**Data section:**
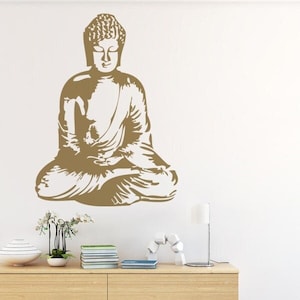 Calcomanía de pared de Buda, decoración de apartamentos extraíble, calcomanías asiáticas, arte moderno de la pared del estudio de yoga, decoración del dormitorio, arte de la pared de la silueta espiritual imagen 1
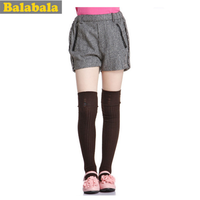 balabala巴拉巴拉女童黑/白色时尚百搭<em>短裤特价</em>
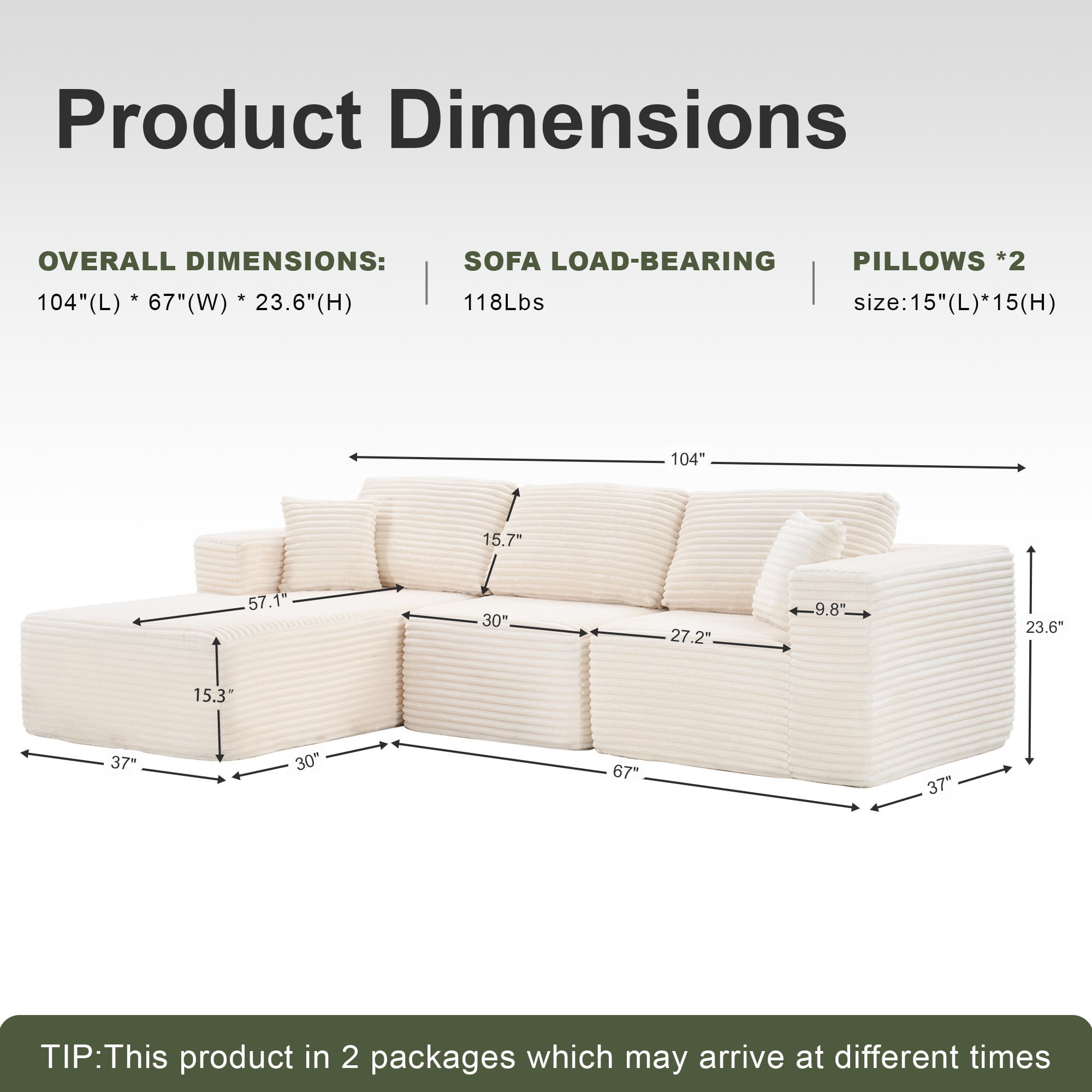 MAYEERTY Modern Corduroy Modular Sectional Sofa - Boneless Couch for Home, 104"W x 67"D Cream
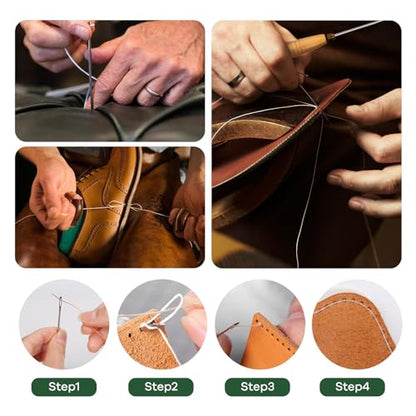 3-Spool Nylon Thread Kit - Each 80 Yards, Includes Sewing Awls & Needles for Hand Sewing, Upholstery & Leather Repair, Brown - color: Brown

**Required work:** Copy the full listing above exactly, apart from the pictures.

**Response below:**
 Calcomanía de pared de Buda, decoración de apartamentos extraíble, calcomanías asiáticas, arte moderno de la pared del estudio de yoga, decoración del dormitorio, arte de la pared de la silueta espiritual imagen 1
 balabala巴拉巴拉女童黑/白色时尚百搭<em>短裤特价</em>
 MAYEERTY Modern Corduroy Modular Sectional Sofa - Boneless Couch for Home, 104"W x 67"D Cream
 3-Spool Nylon Thread Kit - Each 80 Yards, Includes Sewing Awls & Needles for Hand Sewing, Upholstery & Leather Repair, Brown - color: Brown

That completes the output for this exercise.